* **PROVIDED DATA**
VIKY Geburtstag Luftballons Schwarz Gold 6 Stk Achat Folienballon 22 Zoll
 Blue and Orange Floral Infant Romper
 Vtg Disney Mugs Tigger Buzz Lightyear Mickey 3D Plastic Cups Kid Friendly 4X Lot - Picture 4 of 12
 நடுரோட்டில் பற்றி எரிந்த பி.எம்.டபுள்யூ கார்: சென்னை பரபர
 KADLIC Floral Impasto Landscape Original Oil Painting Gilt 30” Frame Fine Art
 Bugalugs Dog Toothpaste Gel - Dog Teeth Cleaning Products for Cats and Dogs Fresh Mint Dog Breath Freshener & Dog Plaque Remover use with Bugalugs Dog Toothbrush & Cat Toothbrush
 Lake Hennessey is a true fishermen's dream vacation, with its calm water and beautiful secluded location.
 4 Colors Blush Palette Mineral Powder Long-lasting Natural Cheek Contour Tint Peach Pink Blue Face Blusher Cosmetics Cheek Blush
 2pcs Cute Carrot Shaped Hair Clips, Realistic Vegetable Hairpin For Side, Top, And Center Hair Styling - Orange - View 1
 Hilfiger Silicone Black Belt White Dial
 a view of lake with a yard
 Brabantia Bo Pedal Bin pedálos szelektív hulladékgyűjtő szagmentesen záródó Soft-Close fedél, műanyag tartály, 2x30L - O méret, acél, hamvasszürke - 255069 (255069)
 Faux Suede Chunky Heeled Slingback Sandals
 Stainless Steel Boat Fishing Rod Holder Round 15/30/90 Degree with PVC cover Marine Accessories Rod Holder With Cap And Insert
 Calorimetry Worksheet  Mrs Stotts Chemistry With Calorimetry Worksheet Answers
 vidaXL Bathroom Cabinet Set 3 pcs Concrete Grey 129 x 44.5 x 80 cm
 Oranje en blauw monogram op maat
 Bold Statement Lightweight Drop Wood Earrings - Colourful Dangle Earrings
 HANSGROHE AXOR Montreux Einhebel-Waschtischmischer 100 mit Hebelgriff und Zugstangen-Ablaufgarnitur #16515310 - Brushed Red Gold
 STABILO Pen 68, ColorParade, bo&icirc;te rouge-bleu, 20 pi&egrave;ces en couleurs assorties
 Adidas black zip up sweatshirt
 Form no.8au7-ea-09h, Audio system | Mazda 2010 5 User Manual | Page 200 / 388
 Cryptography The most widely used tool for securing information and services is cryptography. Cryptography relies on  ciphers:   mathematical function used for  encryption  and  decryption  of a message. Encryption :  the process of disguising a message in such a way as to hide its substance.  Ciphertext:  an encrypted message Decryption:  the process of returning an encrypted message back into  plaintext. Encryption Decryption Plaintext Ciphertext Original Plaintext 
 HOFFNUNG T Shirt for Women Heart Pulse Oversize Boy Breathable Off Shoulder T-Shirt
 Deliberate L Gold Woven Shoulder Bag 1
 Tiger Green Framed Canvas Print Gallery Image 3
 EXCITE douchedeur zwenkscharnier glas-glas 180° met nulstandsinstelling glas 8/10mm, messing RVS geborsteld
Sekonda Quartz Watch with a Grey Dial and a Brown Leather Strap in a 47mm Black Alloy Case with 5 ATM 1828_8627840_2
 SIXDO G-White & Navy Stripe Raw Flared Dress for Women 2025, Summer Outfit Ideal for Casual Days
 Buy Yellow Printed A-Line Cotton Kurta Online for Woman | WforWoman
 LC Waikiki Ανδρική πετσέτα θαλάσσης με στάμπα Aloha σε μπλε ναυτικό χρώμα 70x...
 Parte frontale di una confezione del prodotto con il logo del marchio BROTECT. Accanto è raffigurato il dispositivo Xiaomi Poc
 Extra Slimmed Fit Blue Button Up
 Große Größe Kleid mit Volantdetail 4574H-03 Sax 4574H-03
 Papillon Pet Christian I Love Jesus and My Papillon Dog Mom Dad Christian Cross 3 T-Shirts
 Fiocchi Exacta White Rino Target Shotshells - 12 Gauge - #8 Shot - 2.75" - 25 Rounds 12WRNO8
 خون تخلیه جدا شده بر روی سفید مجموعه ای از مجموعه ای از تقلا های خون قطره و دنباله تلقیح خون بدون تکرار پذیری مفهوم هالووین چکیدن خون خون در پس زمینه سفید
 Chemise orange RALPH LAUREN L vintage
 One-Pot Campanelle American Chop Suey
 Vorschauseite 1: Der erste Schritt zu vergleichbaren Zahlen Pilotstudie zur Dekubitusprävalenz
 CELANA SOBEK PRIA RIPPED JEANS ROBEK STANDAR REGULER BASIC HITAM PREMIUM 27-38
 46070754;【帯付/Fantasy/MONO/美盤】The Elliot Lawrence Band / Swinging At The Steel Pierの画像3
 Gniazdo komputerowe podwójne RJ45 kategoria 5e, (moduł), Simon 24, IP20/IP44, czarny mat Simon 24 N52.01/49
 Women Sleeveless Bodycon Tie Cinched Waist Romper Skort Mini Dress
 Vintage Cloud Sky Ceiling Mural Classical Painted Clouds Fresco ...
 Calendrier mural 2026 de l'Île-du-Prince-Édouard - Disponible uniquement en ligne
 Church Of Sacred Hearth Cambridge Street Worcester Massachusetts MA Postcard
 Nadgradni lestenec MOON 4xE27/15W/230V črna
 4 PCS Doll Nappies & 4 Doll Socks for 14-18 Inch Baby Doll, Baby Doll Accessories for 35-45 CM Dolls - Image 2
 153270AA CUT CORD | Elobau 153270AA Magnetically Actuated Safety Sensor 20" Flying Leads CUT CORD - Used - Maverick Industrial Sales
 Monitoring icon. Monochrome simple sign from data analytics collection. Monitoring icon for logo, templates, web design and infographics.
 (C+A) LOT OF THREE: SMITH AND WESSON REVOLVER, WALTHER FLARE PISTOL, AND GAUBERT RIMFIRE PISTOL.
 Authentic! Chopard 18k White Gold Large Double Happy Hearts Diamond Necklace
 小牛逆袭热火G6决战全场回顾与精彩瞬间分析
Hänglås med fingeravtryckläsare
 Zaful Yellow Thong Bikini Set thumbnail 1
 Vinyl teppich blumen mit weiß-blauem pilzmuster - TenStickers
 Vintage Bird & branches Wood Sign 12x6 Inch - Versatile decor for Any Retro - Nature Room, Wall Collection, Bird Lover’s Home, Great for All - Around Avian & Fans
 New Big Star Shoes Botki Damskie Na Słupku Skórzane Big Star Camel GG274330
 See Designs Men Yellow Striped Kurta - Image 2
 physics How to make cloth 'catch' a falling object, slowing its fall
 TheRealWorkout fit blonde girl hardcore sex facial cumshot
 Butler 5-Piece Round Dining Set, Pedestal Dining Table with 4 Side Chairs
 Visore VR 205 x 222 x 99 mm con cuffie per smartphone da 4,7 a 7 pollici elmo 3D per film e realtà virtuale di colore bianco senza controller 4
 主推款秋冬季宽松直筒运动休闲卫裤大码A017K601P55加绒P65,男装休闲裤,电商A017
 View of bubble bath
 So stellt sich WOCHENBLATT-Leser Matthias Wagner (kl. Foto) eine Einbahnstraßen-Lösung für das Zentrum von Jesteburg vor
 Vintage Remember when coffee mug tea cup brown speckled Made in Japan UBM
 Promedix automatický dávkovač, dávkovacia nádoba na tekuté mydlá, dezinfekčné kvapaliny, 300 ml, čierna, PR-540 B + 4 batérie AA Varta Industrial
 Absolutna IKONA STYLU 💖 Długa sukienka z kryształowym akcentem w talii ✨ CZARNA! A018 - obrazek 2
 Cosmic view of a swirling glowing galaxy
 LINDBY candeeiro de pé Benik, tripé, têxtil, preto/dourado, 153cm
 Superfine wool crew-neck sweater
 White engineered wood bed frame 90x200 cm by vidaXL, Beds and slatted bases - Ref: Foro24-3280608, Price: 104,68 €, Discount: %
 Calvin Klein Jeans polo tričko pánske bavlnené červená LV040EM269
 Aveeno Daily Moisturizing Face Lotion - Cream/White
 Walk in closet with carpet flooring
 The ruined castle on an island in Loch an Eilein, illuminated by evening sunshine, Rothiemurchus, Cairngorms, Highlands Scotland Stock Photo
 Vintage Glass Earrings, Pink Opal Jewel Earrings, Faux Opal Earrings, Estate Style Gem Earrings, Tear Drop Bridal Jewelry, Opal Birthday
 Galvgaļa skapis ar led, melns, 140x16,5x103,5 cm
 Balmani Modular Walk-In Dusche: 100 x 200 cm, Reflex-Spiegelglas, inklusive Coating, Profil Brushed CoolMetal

* **WORK TASK**
All lines from the one containing "White engineered wood" through the end of the listing above are to be restated word for word, and no others.

* **THE COMPLETED TASK**
 White engineered wood bed frame 90x200 cm by vidaXL, Beds and slatted bases - Ref: Foro24-3280608, Price: 104,68 €, Discount: %
 Calvin Klein Jeans polo tričko pánske bavlnené červená LV040EM269
 Aveeno Daily Moisturizing Face Lotion - Cream/White
 Walk in closet with carpet flooring
 The ruined castle on an island in Loch an Eilein, illuminated by evening sunshine, Rothiemurchus, Cairngorms, Highlands Scotland Stock Photo
 Vintage Glass Earrings, Pink Opal Jewel Earrings, Faux Opal Earrings, Estate Style Gem Earrings, Tear Drop Bridal Jewelry, Opal Birthday
 Galvgaļa skapis ar led, melns, 140x16,5x103,5 cm
 Balmani Modular Walk-In Dusche: 100 x 200 cm, Reflex-Spiegelglas, inklusive Coating, Profil Brushed CoolMetal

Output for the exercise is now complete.